### Records for this exercise

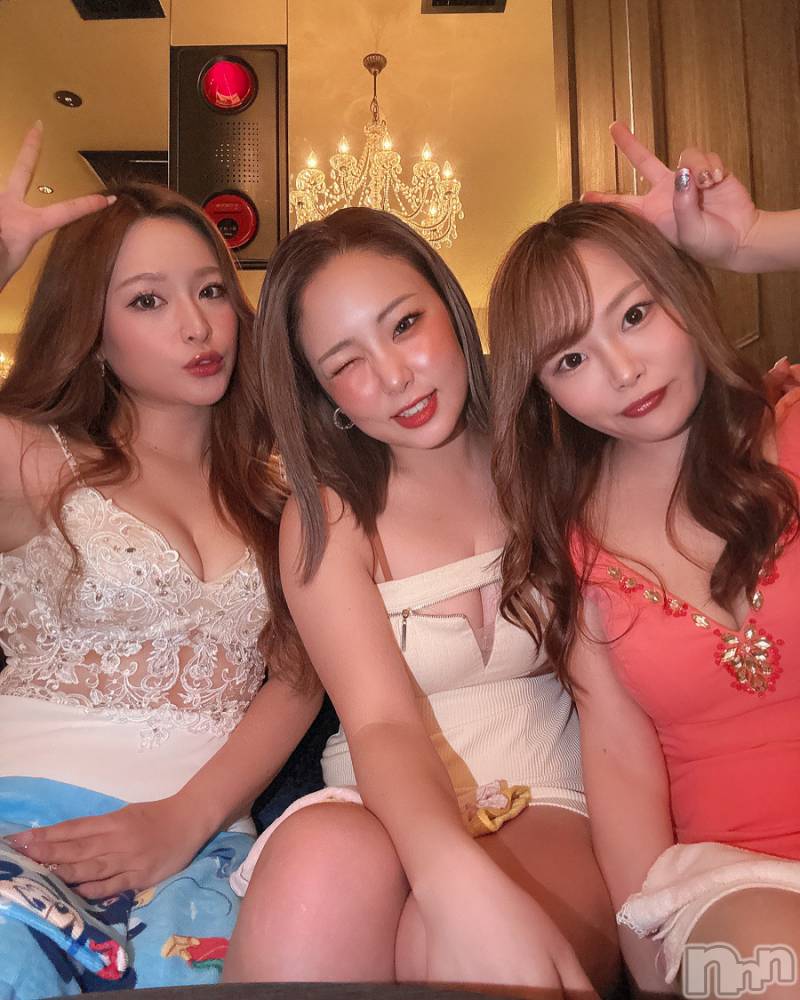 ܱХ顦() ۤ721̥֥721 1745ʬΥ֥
--
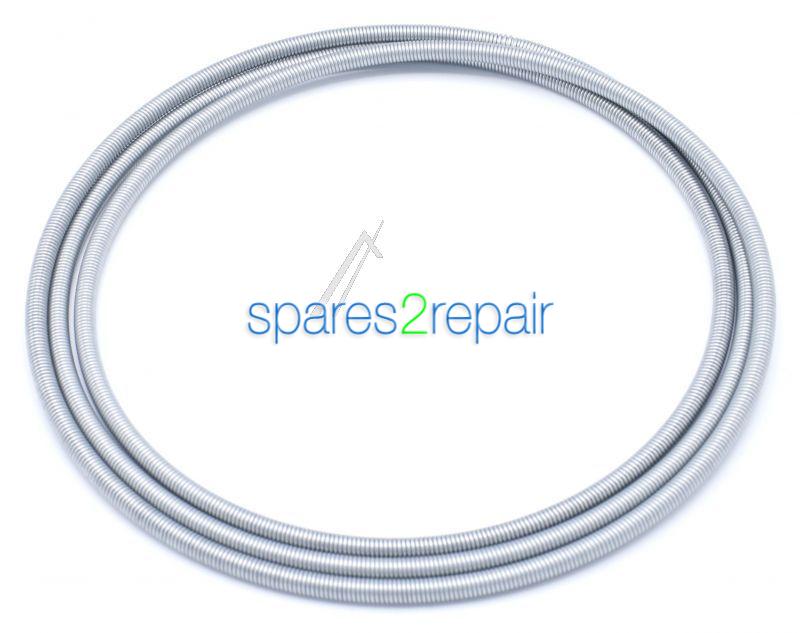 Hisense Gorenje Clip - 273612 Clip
---
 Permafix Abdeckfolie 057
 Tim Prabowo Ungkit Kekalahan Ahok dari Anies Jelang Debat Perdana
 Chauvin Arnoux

### Your task
Would you retype exactly the lines above, from the line with "Permafix Abdeckfolie 057" to the line with "Chauvin Arnoux", with both end lines kept and nothing more?

### Response to the exercise
 Permafix Abdeckfolie 057
 Tim Prabowo Ungkit Kekalahan Ahok dari Anies Jelang Debat Perdana
 Chauvin Arnoux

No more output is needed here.